* GIVEN ENTRIES *
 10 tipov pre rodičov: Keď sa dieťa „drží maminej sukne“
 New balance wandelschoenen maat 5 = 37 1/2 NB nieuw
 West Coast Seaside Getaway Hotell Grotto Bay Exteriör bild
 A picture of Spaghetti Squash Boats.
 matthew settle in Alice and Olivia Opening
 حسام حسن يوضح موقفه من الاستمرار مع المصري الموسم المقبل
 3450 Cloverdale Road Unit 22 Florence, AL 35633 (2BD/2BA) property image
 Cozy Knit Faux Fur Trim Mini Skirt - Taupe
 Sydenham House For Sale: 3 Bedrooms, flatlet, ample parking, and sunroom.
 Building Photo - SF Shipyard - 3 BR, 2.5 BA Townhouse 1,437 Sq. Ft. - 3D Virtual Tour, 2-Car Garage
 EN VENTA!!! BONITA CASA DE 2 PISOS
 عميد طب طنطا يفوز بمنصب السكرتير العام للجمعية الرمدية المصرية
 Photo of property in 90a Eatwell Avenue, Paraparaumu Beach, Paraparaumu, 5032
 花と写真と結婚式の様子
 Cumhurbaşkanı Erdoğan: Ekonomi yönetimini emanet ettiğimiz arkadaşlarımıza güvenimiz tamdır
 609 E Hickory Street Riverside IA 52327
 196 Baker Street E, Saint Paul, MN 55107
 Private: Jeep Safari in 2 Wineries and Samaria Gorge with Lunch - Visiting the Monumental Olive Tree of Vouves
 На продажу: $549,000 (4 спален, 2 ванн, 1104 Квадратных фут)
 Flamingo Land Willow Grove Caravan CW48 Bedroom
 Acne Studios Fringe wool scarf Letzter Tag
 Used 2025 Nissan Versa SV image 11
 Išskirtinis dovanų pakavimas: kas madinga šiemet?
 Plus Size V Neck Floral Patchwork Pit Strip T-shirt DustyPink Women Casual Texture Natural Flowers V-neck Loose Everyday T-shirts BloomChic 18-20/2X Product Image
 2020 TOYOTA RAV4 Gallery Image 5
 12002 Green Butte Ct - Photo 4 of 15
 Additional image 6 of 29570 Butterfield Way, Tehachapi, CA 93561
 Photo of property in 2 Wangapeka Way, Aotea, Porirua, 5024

* EXERCISE DETAILS *
In the listing above, find the line with "Building Photo - SF" and the line with "Private: Jeep Safari", then reproduce both and every line between them exactly.

* REPLY *
 Building Photo - SF Shipyard - 3 BR, 2.5 BA Townhouse 1,437 Sq. Ft. - 3D Virtual Tour, 2-Car Garage
 EN VENTA!!! BONITA CASA DE 2 PISOS
 عميد طب طنطا يفوز بمنصب السكرتير العام للجمعية الرمدية المصرية
 Photo of property in 90a Eatwell Avenue, Paraparaumu Beach, Paraparaumu, 5032
 花と写真と結婚式の様子
 Cumhurbaşkanı Erdoğan: Ekonomi yönetimini emanet ettiğimiz arkadaşlarımıza güvenimiz tamdır
 609 E Hickory Street Riverside IA 52327
 196 Baker Street E, Saint Paul, MN 55107
 Private: Jeep Safari in 2 Wineries and Samaria Gorge with Lunch - Visiting the Monumental Olive Tree of Vouves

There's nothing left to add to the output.